Mr. Kohl has introduced a new plan, appropriately dubbed the “Weekend Voting Act,” to change the voting day from Tuesdays to weekends in an attempt to increase turnout from Americans in the contiguous 48 states come election time.

According to Mr. Kohl, the plan keeps polls open from 10 a.m. on Saturdays to 6 p.m. on Sundays to allow as much time as possible for voters to come to the polls. This Weekend Voting Act draws from Mr. Kohl’s previously co-sponsored Help America Vote Act, which aimed to improve elections in the wake of the presidential debacle in Florida in 2000 — only this time around, the word “improvement” is being used a bit too liberally.

While his weekend plans may ring true with millions of working Americans, it forgets one American cliche truer today than the day it was born: If it ain’t broke, don’t fix it.

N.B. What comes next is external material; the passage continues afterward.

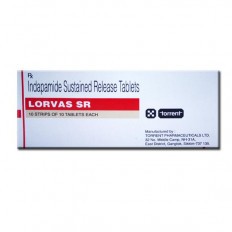 Lorvas SR Tablet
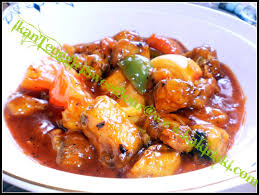 Resepi ikan dori sweet sour. Tertunailah Hasrat Di Hati Ikan Tenggiri Sweet Sour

Although Mr. Kohl’s idea sounds sexy, in that really non-sexy political way, it flies in the face of rationale established long before 2008: voting on Tuesday, as his press release acknowledges, was rooted in maximizing turnout, not depressing it.

While people are at work and out-and-about on Tuesdays, they are often doing the opposite come the weekend. Weekends are times for relaxation, not for civics, which is one of the largest logical flaws in Mr. Kohl’s plan. But sloth is only one bar for turning out the vote on weekends; factoring in Sabbaths, weekend getaways and general voter apathy reveals a picture far less civically engaged than the one Mr. Kohl envisions.

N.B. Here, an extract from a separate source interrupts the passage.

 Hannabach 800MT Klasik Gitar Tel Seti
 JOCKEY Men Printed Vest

However, the Kohl camp will cite statistics claiming that over 60 percent of Americans are working now, guaranteeing fewer have an option to vote during the weekdays. This is meant to show there has been an increase in working couples and individuals across all demographics, namely women[CM1], meaning that polls are unavailable to those contributing to our economy.

However, simply because more people work in the modern world we live in does not justify changing the date — especially when it has worked well in the past and even this year.

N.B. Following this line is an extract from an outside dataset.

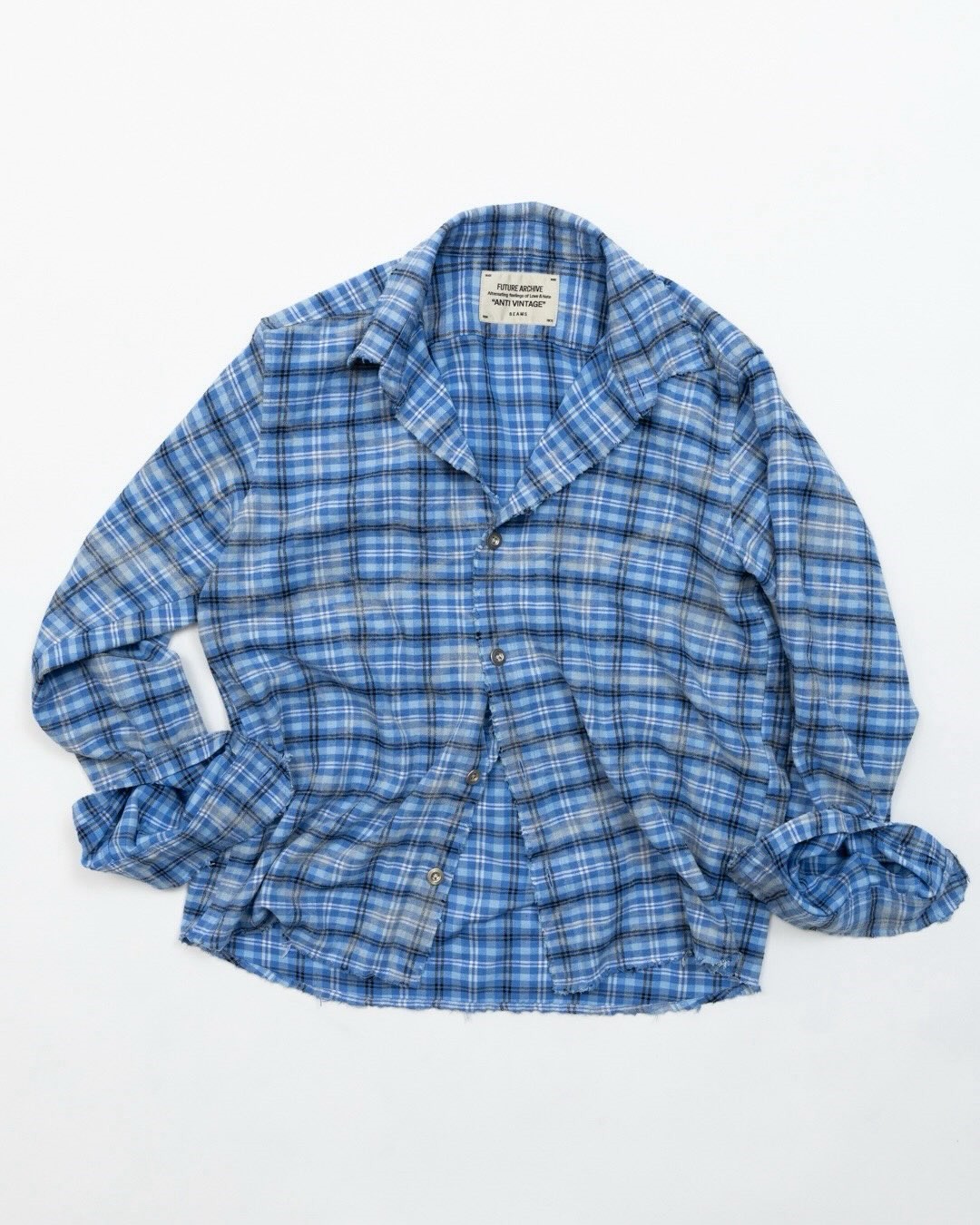 FUTURE ARCHIVE 2026 FW COLLECTION 1st Deliveryが8/28 発売 (フューチャー アーカイブ 2026年 秋冬)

In fact, Alabama, a Super Tuesday state, had a higher overall turnout rate than South Carolina, a weekend primary state. Don’t try chalking this up to the primaries being different — both states are of similar cultural makeup, occurred within a few weeks of each other and had open primaries.

So if things have always been like this, and it seems to have worked reasonably well since, why change things so drastically now?

Mr. Kohl believes changing the amount of time the polls are open is the correct method for increasing what is decidedly low turnout anyway, and while he most certainly is correct in this assumption, we don’t need to change the day elections are held to accomplish this goal.

Extending Election Day poll hours later in the evening would afford those working and politically active citizens the ability to get to the polls without waking up before the sun rises. Those who work from nine to five would not need to wake up absurdly early to make it to the polling booth on time, they wouldn’t need to cut out of work early to beat the lines in their home precinct and they certainly wouldn’t have to sacrifice their well-earned weekends to come in and voice their opinion.

However, for this to happen a change must occur first. And, as Mr. Kohl charges, “if we are to grant all Americans an equal opportunity to participate in the electoral process, and to elect our representatives in the great democracy, then we must be willing to reexamine all aspects of voting in America.”

Touche, Mr. Kohl, but reexamination hardly amounts to the overhaul you’re suggesting.